Sequence Editor "ERROR: The selected file is not a mov

Hi,

I’m new to Blender. Although I am not a 3D artist, I am interested on using Blender’s Video Sequence Editor to edit video (as suggested here: http://www.linuxjournal.com/article/8589 ).

The problem that I am having is that, at the point of actually loading the video file (on a Video Sequence Editor window type, by clicking on add -> movie and browsing to the file), I get the following error:

<b>ERROR: The selected file is not a movie</b>

The error does not say that the format is unsuported, just doesn’t recognizes it as a movie, although I’ve checked with dv video, on avi files, mpeg, quicktime, etc., all wIith the same results.

(BTW, I am running Blender 2.36 on Debian (DeMudi) on a Pentium M laptop, but yesternight, I was also testing on a friends computer, with Blender 2.41, with the same results)

I am being able to load static images, and, strange enough, Blender does not complain if I click on a movie file when adding an image; It puts it on the time line, but (¿of course?) it doesn’t play.

I checked a couple of tutorials and they just add the movie without any prior ceremony.
Perhaps adding video files needs Blender to be compiled with some special options?
or is there a kind of format that is easily recognized by Blender as a movie?

The article cited above says that Blender supports FFMPEG (a very powerful converter, which supports many different movie formats); I do have that independently installed, but Blender, according to my package manager, doesn’t depend on it.

What could be wrong?

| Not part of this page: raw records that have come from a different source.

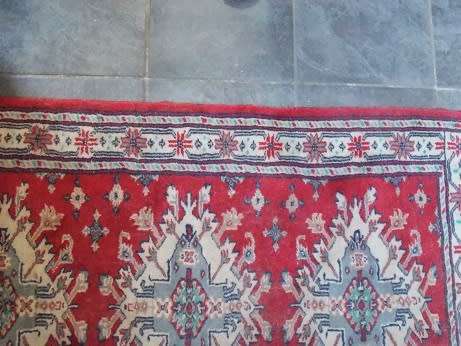 Stunning Pakistani Rug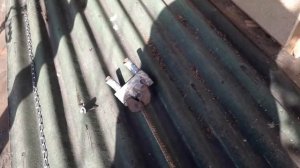 Как легко выдернуть гвозди из ондулина и заменить ондулиновую кровлю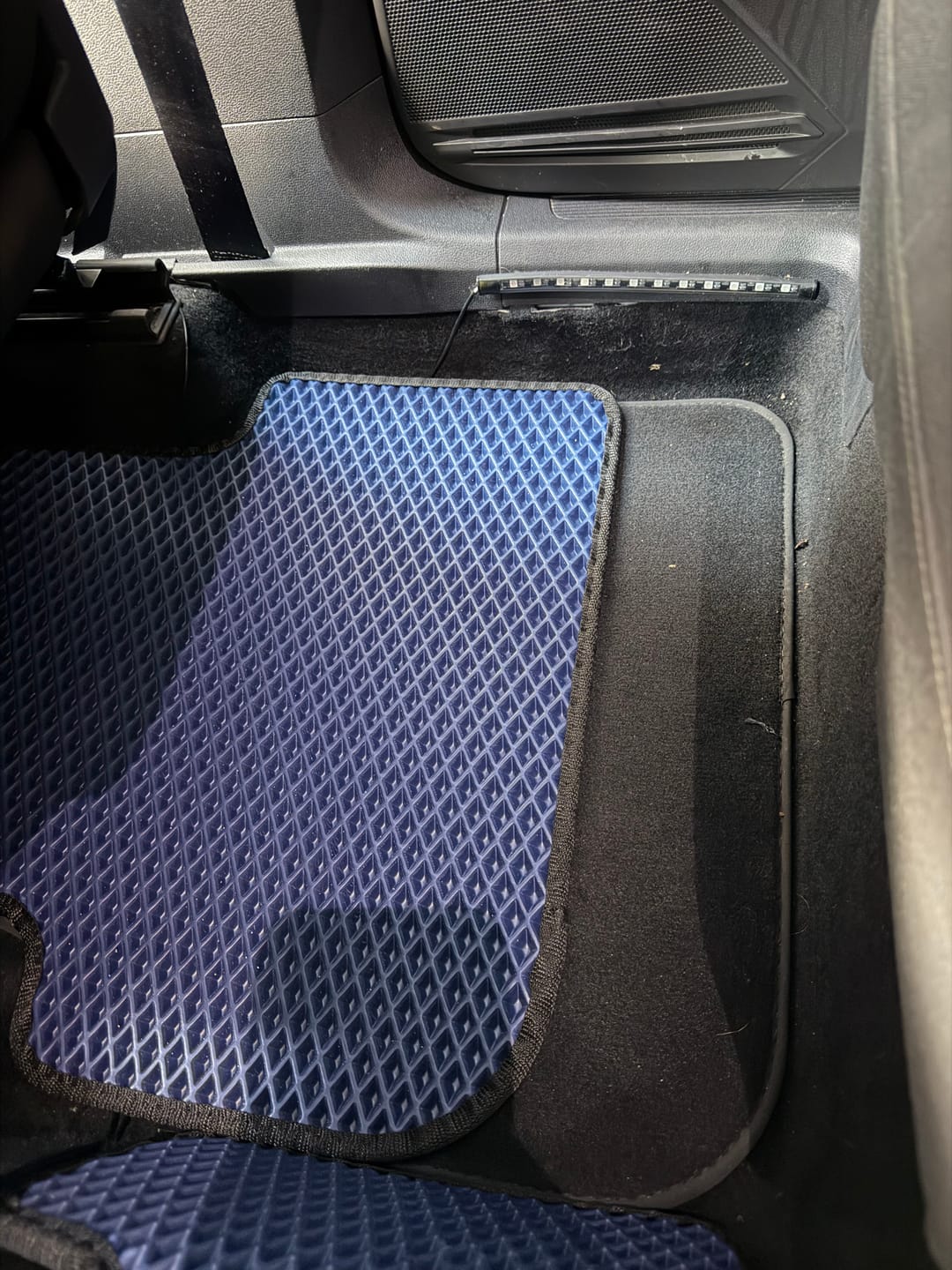 Customer photo review of Auto Fußmatten nach Maß - Komplettset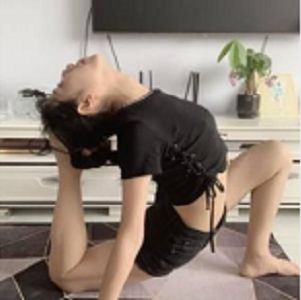 舞蹈系小美女《一少》抖音举牌女神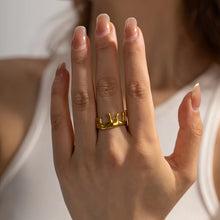 Load image into Gallery viewer, Crown Ring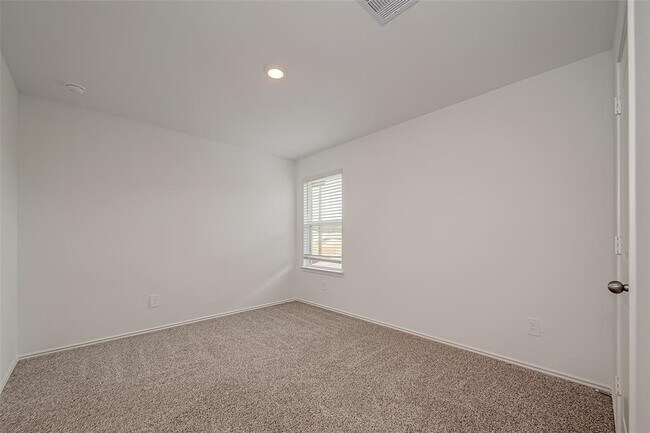 Building Photo - 24330 Elmwood Falls Dr
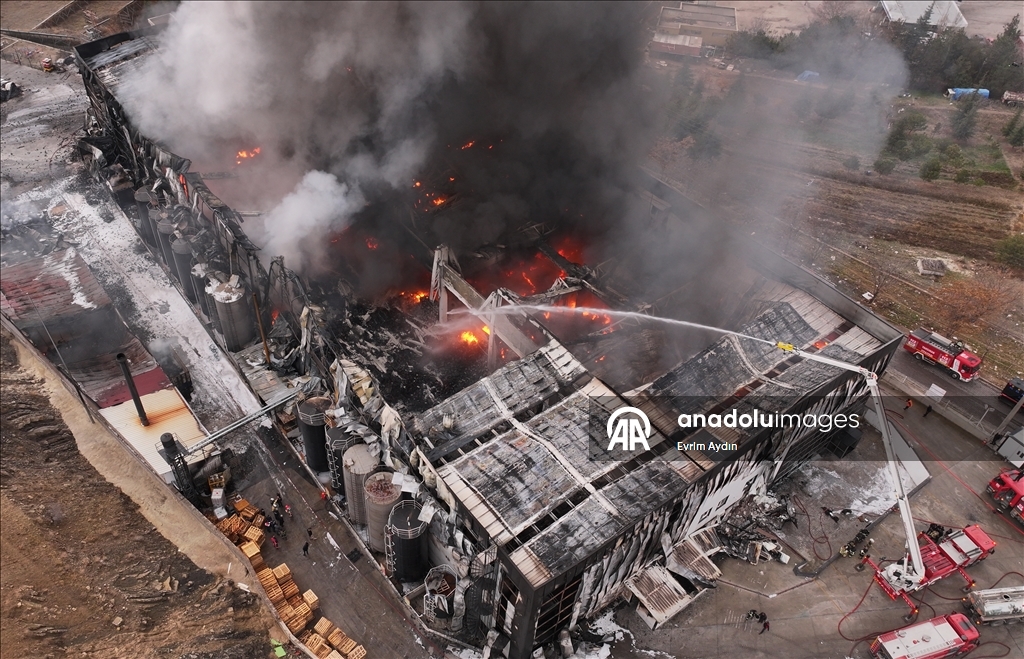 Kırıkkale OSB'de bir fabrikada çıkan yangına müdahale ediliyor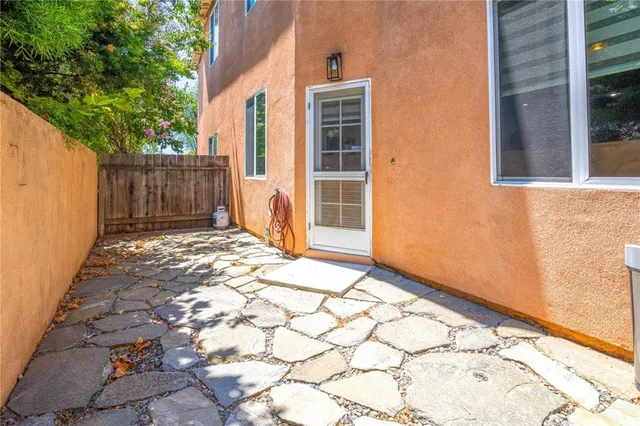 $690,000 | 12385 Osborne Street, Unit 2, Pacoima, CA 91331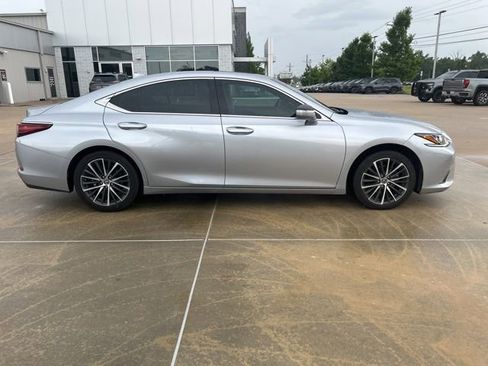 Used 2024 Lexus ES 350 w/ Premium Package FWD image 3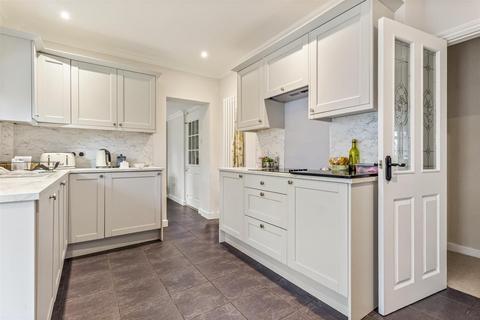 3 bedroom detached house for sale, Parklands Avenue, Goring-By-Sea, Worthing
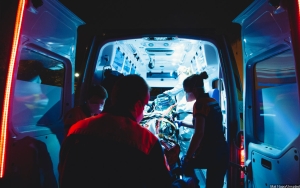 Tak Sabar Tunggu Ambulans, Pria Ini Nekat Terabas Aturan Demi Selamatkan Bayinya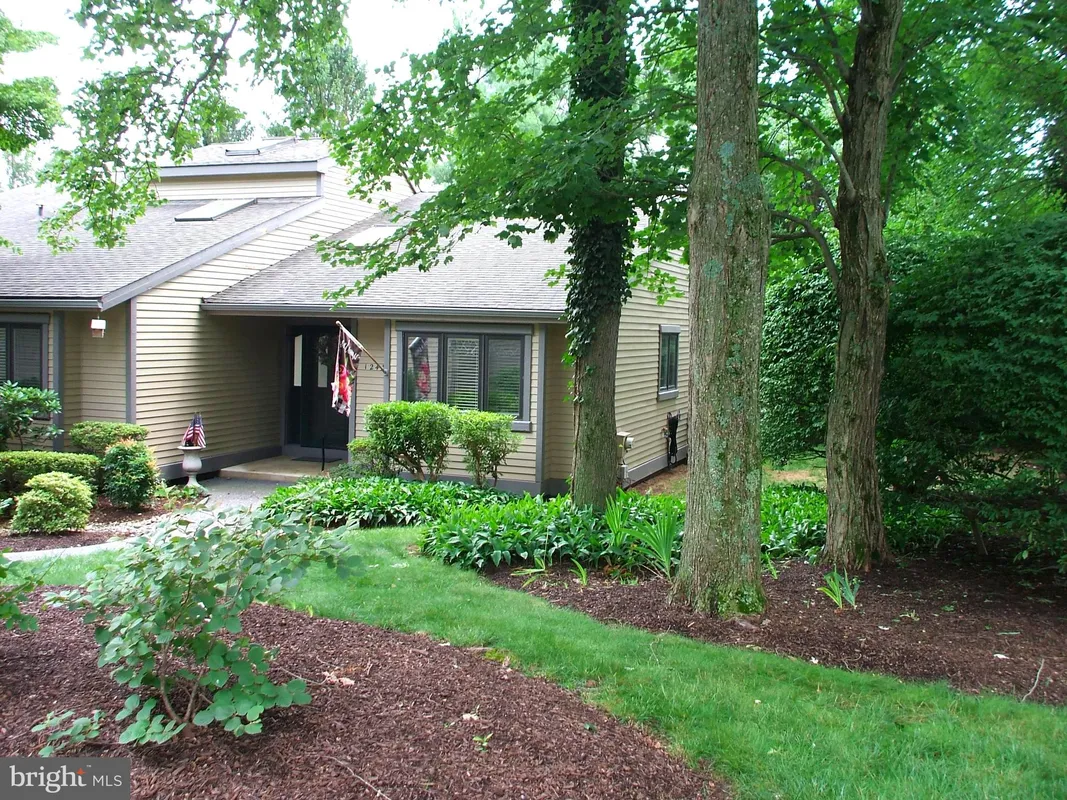 Property Slideshow image 1 of 35 | 1243 princeton ln # 1243, West Chester, PA, 19380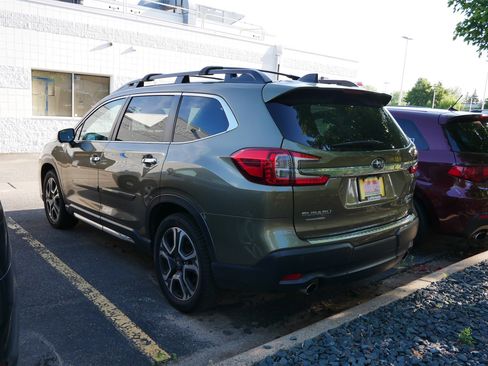 Used 2023 Subaru Ascent Touring AWD/4WD image 4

Any ideas?

Thanks in advance,
G.

[ note: I have also posted this question here: http://www.blender.org/forum/viewtopic.php?t=8316 ]

as far as I know blender doesn’t support ffmpeg yet, so in linux blender will only work with raw and jpeg avi files.

At the moment Blender only likes videos without the audio layer. (sigh)
Aside from that, the Blender seq editor realy is good. It seems to accept any codec your system has registered (without path setting or any such,) and can sync the audio seppratly. Fast results once you get the hang of it :slight_smile:
edit
I’m not sure about Linux though. I should find out as I’m thinking of porting to it.